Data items
- - - - - - -

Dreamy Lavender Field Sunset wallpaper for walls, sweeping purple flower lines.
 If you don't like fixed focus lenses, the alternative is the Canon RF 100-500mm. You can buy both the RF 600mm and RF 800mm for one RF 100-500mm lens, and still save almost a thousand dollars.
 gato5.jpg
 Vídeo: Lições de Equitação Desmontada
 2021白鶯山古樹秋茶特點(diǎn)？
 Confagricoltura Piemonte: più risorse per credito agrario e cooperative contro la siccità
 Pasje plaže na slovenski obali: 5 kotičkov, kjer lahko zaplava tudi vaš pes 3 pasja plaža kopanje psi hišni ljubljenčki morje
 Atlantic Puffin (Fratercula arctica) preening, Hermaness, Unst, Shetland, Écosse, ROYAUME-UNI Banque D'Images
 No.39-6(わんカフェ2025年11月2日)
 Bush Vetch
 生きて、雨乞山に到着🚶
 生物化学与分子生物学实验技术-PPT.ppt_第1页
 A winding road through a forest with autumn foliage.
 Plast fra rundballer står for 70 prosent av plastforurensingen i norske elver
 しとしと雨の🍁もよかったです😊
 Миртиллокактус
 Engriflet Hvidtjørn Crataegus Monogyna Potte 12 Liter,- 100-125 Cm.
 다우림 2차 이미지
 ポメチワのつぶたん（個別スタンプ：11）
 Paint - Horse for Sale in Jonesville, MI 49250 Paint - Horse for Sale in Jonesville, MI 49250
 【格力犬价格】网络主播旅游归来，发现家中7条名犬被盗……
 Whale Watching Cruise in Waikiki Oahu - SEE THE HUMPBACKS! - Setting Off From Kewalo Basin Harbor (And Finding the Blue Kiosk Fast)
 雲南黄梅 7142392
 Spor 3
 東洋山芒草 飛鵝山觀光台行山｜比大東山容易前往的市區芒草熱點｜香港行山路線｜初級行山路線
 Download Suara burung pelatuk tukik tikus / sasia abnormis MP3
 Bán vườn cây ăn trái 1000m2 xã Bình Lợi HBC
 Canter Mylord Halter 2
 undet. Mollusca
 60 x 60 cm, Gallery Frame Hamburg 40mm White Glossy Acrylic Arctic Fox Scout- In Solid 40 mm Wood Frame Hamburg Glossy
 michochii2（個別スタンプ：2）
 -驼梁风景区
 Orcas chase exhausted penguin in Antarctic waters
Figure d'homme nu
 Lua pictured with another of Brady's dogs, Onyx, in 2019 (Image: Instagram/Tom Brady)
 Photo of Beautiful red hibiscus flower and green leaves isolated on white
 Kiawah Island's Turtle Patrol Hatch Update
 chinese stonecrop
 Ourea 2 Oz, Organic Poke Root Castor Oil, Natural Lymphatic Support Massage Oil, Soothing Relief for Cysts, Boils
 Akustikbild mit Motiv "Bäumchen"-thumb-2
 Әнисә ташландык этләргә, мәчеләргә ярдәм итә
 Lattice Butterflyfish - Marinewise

- - - - - - -

*Activity:* Copy from the entries above each line in which the string "個別スタンプ" can be found.

*Task output:*
 ポメチワのつぶたん（個別スタンプ：11）
 michochii2（個別スタンプ：2）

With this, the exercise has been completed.